Jetzt haben diese Kinder im neuen Sternenkinderfeld auf dem Südfriedhof eine würdige letzte Ruhestätte gefunden. Gestern Nachmittag zelebrierten der katholische Diakon Michael Ruland und die evangelische Pfarrerin Nicole Hagemann die erste ökumenische Beerdigung dieser Sternenkinder. Eingeladen dazu waren alle Eltern und Angehörige, die seit Januar von einer Fehlgeburt betroffen sind. Gekommen waren jedoch lediglich einige Großeltern.

„Für die Eltern ist das vielleicht noch zu schwer“, vermutet Nicole Hagemann. Die Pfarrerin weiß, welche Belastungen die Eltern aushalten müssen – nicht nur, weil sie oft beruflich damit konfrontiert wird. Hagemann ist auch Betroffene. Sie hat zwischen 2013 und 2015 selbst drei Schwangerschaften erlebt, „die still endeten“, wie sie erzählt. Damals gab es die Möglichkeit zur Bestattung von Kindern unter 500 Gramm noch nicht. Verarbeitet hat sie die Erlebnisse auch dank ihres Berufes: „Bei jeder Bestattung, die ich als Pfarrerin machte, konnte ich ein Stück meiner eigenen Trauer mit hineinlegen.“

Geholfen habe ihr aber auch, dass sie nach der dritten Fehlgeburt noch eine gesunde Tochter zur Welt brachte.

Auch wenn Schätzungen zufolge jede dritte Schwangerschaft mit dem Tod des Kindes ende, komme das Thema doch in der Öffentlichkeit kaum vor. „Und wenn man im Bekanntenkreis davon erzählt, hat man das Gefühl, als müsse man als Betroffene sein Gegenüber trösten, statt selbst Trost zugesprochen zu bekommen“, sagt Nicole Hagemann und fügt hinzu: „Wir haben offenbar verlernt, uns gegenseitig zu trösten.“

Derzeit gebe es Überlegungen, ein regelmäßiges Trauercafé für Eltern von Sternenkindern einzurichten, erzählt Hagemann. Dort könnten sich Betroffene austauschen. Die Pläne seien aber noch in einem frühen Stadium.

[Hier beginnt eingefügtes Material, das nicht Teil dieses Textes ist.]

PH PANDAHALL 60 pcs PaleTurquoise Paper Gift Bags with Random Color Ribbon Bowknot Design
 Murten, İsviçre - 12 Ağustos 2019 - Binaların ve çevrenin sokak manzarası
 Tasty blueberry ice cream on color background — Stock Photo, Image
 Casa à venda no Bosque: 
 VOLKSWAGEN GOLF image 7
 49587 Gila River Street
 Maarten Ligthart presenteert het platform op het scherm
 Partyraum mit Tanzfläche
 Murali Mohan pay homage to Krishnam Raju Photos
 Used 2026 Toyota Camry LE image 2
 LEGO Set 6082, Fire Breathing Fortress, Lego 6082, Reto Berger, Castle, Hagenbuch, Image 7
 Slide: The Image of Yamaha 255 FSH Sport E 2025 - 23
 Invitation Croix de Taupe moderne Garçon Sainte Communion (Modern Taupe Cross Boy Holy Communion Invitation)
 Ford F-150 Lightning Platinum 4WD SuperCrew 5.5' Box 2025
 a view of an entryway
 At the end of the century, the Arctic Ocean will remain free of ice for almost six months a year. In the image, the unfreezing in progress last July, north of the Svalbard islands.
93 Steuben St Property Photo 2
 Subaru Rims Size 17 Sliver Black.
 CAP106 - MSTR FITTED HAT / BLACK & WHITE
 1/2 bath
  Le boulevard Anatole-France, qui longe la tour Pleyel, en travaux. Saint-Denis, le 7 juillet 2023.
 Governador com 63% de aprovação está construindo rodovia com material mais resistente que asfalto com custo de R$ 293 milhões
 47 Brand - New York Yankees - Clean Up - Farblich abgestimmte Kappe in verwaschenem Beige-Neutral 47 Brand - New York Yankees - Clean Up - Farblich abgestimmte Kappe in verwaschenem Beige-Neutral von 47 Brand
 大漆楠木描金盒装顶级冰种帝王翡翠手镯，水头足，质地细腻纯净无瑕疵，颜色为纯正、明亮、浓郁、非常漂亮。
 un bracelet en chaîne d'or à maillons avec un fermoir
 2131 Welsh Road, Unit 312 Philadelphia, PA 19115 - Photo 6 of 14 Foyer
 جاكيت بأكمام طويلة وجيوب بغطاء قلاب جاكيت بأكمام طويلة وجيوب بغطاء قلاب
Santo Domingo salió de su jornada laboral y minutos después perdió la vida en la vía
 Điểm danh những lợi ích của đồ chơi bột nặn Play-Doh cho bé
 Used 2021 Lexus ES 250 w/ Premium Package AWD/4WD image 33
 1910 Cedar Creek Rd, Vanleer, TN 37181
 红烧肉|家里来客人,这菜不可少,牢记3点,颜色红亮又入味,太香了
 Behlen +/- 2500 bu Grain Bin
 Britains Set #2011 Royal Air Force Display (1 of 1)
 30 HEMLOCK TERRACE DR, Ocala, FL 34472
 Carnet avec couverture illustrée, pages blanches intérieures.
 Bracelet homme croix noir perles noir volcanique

Von misslungenen Reaktionen gegenüber Betroffenen kann auch Ursula Müther berichten. „Ein Satz wie ‚Du kannst ja noch ein Kind bekommen’ tröstet keine Frau“, weiß die leitende Hebamme am St.-Josefs-Krankenhaus. Denn schließlich müsse die Mutter ja den Verlust gerade dieses Kindes verkraften. Besser sei es dann, die betroffene Mutter zu fragen: „Wie kann ich Dir helfen?“

Helfen würden positive Erinnerungen, berichtet Müther. „Viele Frauen wollen im ersten Moment nach der Geburt das tote Kind nicht sehen. Doch davon lasse ich mich nicht abhalten.“ Die Hebamme frage dann ein zweites, drittes, viertes Mal nach, ob die Mutter es nicht doch sehen wolle. Und fast alle überlegen würden es sich dann doch anders überlegen. „Wir richten die Kinder dann entsprechend her und kuscheln sie in kleine Tücher, als würden sie schlafen“, schildert Müther und fügt hinzu: „Wir schaffen Erinnerungen, das ist das einzige, was wir tun können. Wir können das Schicksal nicht ändern, wir können nur versuchen, gut zu begleiten.“

Vielen Frauen helfe auch, dem toten Kind einen Namen zu geben, und sei es nur ein Kosename wie „Bärchen“ oder „Mäuschen“. Und ein Ort zum trauern. Der ist nun mit dem Sternenkinderfeld auf dem Südfriedhof geschaffen worden. Gegenüber dem Zugang zum Sternenfeld soll noch eine Sitzbank aufgestellt werden, um dort Platz nehmen zu können. Grabplatten für die einzelnen Sammelsärge soll es nicht geben, dafür können Angehörige kleine Andenken wie bemalte Steine oder Blumen platzieren.